For the filling, feel free to  add anything you like. It can be fried or scrambled egg(s) with ham  and/or cheese. Or cooked vegetable. Or creamy mushrooms. Or just several  cheeses you let melt just a moment in a folded in half crepe in a warm  saucepan : any grated cheese, blue cheese, parmesan...


If  you didn't use all of you mix, you can use what's left as a dessert.  Just add 2-3 tbsp sugar before you cook any more crepe. Then fill them  with any jam, melted chocolate or mapple syrup you like.


Enjoy !


----------



## dragnlaw (Sep 22, 2017)

Welcome Clochette and Thank you for the recipe! 
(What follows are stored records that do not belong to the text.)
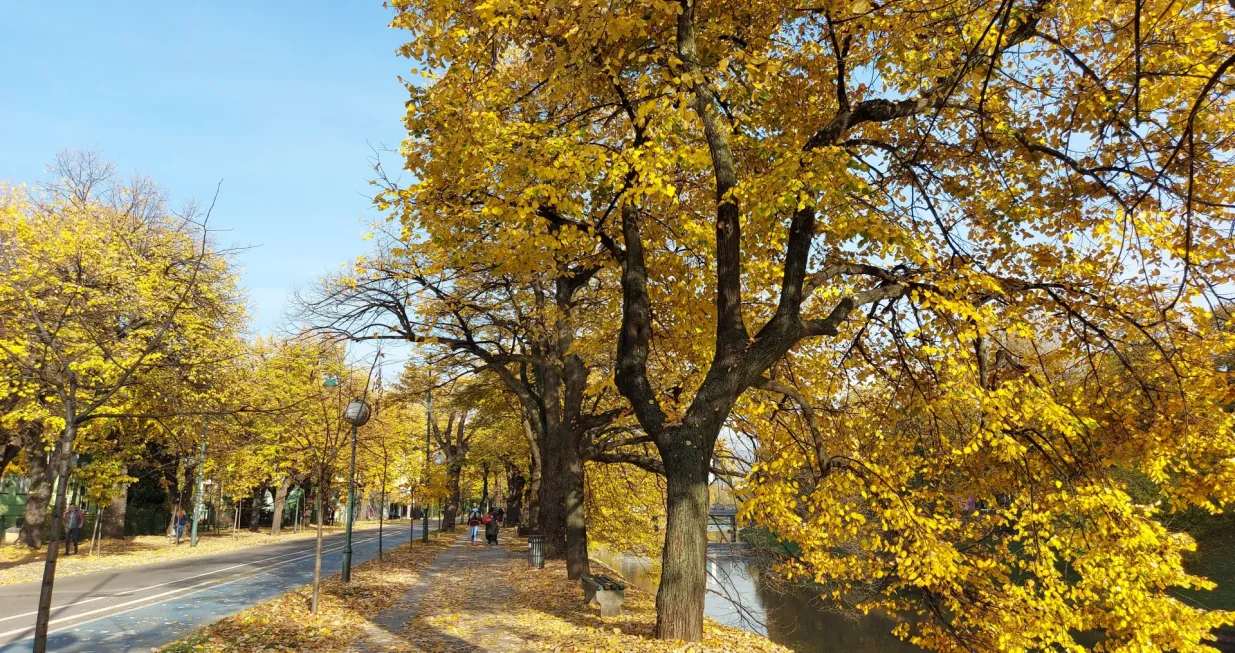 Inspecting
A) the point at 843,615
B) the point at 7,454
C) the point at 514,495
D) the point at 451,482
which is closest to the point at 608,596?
the point at 843,615

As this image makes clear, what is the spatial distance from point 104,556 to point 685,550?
2190cm

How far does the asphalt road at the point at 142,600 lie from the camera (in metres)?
8.58

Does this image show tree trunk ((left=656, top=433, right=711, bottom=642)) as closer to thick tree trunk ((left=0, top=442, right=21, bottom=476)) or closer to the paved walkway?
the paved walkway

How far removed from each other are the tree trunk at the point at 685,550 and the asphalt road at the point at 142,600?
6.10 metres

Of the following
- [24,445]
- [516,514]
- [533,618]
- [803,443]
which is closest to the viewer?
[803,443]

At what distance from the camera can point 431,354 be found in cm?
1644

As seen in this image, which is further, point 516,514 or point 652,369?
point 516,514

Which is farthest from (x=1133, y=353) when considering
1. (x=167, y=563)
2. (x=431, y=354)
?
(x=167, y=563)

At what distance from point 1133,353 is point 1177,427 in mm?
1620

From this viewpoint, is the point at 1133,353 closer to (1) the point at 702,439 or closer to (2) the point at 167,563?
(1) the point at 702,439

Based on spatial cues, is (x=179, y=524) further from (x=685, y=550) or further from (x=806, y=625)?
(x=685, y=550)

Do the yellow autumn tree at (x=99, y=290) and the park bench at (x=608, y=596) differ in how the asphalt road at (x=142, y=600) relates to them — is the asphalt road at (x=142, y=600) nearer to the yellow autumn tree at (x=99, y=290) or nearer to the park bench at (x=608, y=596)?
the yellow autumn tree at (x=99, y=290)

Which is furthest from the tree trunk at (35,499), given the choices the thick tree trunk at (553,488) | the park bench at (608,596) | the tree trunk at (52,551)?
the park bench at (608,596)

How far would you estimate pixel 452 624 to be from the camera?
966 centimetres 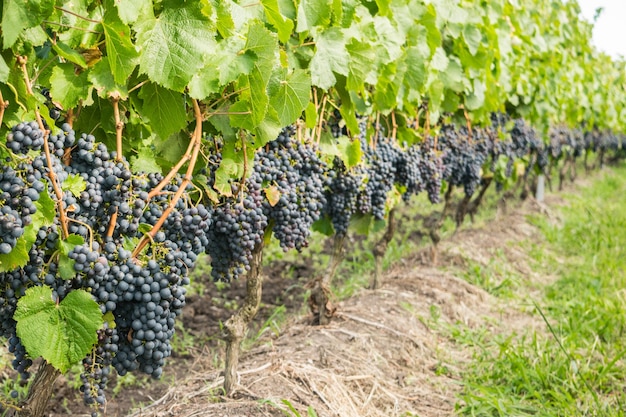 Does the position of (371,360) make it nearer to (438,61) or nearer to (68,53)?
(438,61)

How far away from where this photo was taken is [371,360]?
4176 millimetres

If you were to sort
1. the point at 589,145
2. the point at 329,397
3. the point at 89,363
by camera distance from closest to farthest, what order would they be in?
the point at 89,363 < the point at 329,397 < the point at 589,145

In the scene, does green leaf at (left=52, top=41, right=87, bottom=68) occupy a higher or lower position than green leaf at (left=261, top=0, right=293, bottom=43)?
lower

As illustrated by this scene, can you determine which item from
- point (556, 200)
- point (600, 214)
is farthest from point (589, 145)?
point (600, 214)

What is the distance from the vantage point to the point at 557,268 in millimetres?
7477

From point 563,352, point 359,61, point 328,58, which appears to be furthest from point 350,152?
point 563,352

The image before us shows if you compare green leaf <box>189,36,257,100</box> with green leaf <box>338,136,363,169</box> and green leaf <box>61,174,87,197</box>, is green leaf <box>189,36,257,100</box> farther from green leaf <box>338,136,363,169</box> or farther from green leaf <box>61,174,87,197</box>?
green leaf <box>338,136,363,169</box>

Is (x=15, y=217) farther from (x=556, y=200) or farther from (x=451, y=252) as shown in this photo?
(x=556, y=200)

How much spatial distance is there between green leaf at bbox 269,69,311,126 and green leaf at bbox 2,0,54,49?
1.07 metres

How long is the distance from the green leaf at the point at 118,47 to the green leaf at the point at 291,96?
739mm

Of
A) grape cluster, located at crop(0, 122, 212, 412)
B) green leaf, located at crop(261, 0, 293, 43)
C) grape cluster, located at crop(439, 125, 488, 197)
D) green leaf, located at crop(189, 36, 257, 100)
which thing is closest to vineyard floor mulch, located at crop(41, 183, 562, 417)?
grape cluster, located at crop(439, 125, 488, 197)

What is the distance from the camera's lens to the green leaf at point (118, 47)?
1.85 m

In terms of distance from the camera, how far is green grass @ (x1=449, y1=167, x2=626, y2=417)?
3.72 meters

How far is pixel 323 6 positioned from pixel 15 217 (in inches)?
62.7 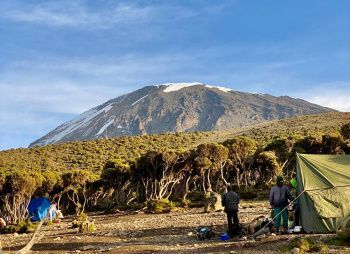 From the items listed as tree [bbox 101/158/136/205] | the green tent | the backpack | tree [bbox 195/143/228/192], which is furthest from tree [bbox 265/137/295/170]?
the backpack

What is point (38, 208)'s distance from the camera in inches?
1624

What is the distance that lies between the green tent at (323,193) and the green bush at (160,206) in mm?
18675

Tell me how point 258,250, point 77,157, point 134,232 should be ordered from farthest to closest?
point 77,157 → point 134,232 → point 258,250

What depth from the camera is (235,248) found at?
47.5 feet

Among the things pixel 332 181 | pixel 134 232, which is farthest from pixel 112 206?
pixel 332 181

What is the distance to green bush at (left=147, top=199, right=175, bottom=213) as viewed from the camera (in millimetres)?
35125

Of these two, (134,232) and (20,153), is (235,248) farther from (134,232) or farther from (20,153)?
(20,153)

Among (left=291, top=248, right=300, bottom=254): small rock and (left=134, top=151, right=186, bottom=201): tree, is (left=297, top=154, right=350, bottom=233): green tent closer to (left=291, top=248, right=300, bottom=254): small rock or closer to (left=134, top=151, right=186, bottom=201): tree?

Love crepes and this sounds like a good one.  It is especially nice to see the alternatives you have given.


----------



## buckytom (Sep 22, 2017)

Welcome, Clochette.

A friend of mine has a "crepe night" every once in a while.

She makes savoury crepes with various cheeses, herbs, and meats like ham, prosciutto, bresaola, and other salumi/charcuterie. Then she makes sweet crepes for dessert with chocolates, fresh fruits, Nutella, and sugared butter.
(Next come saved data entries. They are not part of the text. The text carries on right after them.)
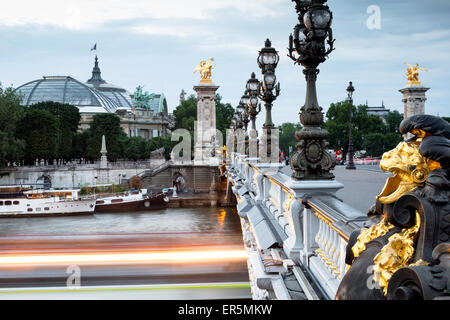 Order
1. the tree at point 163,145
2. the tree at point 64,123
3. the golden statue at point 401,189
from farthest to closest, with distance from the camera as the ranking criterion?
the tree at point 163,145 → the tree at point 64,123 → the golden statue at point 401,189

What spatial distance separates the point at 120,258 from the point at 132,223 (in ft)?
63.8

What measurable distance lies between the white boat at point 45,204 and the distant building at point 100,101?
61.7 m

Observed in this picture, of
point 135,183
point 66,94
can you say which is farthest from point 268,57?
point 66,94

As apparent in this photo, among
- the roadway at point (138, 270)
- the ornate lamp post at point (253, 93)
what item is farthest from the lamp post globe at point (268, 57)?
the ornate lamp post at point (253, 93)

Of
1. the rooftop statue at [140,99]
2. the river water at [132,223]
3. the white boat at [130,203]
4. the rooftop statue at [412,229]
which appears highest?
the rooftop statue at [140,99]

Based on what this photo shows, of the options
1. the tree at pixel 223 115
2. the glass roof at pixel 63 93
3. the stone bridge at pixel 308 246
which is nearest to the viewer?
the stone bridge at pixel 308 246

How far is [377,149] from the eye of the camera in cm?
3972

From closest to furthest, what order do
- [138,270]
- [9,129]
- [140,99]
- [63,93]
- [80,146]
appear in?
[138,270]
[9,129]
[80,146]
[140,99]
[63,93]

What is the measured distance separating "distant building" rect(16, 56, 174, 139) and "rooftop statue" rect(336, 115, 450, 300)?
110714 mm

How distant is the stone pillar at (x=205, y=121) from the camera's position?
195 feet

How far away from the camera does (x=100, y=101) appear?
13712 cm

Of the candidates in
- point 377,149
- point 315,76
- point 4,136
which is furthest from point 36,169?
point 315,76

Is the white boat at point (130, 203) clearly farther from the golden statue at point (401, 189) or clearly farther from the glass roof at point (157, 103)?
the glass roof at point (157, 103)

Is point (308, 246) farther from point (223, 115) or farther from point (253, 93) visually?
point (223, 115) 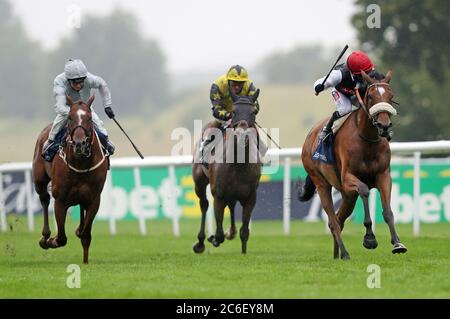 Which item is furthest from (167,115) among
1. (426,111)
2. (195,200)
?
(195,200)

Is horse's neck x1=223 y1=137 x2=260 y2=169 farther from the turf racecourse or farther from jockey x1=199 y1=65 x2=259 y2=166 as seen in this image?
the turf racecourse

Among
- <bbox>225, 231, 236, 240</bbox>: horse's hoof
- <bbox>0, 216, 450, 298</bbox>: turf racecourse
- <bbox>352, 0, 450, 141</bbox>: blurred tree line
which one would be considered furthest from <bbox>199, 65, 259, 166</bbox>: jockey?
<bbox>352, 0, 450, 141</bbox>: blurred tree line

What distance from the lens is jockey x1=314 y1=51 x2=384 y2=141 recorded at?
35.0ft

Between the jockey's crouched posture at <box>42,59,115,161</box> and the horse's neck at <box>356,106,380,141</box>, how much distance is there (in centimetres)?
265

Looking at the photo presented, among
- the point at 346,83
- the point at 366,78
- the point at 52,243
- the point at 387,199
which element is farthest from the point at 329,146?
the point at 52,243

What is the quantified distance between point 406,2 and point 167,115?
45.4m

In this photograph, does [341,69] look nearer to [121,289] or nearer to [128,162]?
[121,289]

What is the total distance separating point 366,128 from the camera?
34.2ft

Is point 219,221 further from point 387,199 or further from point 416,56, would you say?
point 416,56

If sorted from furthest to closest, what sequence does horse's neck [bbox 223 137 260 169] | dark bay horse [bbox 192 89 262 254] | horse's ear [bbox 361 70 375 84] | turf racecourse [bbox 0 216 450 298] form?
1. horse's neck [bbox 223 137 260 169]
2. dark bay horse [bbox 192 89 262 254]
3. horse's ear [bbox 361 70 375 84]
4. turf racecourse [bbox 0 216 450 298]

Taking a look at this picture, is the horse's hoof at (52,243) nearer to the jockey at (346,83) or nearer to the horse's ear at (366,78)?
the jockey at (346,83)

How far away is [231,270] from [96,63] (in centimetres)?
6419

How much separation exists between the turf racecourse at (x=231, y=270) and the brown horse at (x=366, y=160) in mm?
402

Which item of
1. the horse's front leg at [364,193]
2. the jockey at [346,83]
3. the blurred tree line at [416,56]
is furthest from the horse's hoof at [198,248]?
the blurred tree line at [416,56] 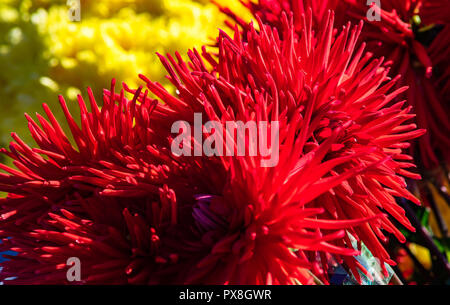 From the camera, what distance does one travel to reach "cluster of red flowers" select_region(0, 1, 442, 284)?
0.16 m

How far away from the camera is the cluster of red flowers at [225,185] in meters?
0.16

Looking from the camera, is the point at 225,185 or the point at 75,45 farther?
the point at 75,45

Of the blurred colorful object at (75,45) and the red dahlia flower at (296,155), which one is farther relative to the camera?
the blurred colorful object at (75,45)

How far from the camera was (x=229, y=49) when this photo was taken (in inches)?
8.4

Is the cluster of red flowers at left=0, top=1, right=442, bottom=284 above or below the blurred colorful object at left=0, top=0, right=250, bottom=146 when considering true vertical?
below

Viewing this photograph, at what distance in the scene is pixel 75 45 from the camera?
0.30 meters

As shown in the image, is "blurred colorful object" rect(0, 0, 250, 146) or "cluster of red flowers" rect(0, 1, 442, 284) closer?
"cluster of red flowers" rect(0, 1, 442, 284)

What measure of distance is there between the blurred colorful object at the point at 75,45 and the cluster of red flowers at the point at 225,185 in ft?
0.28

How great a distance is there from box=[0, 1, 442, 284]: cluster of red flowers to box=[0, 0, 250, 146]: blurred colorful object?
0.08 m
My son makes crepes for us once in a while, so I'm going to show him your instructions.

By the way, do you know what that little wooden tool is called that spreads out the batter? Sort of looks like a parakeet perch.


----------



## Josie1945 (Sep 22, 2017)

Hi Clochette.
Welcome to DC


Josie


----------



## Sagittarius (Sep 22, 2017)

Welcome to D.C. 

Thank you for the crêpé récipe ..

I adore Crêpés Suzette ..


----------



## Just Cooking (Sep 22, 2017)

Welcome to DC, Clochette..  

Ross


----------



## Katie H (Sep 22, 2017)

Hi, Clochette.

I love crepes and when I lived in Washington, DC many years ago there were several restaurants in the metro area called The Magic Pan.  They were great and diners had no reason to not get any kind of crepe to satisfy them.  I loved the place.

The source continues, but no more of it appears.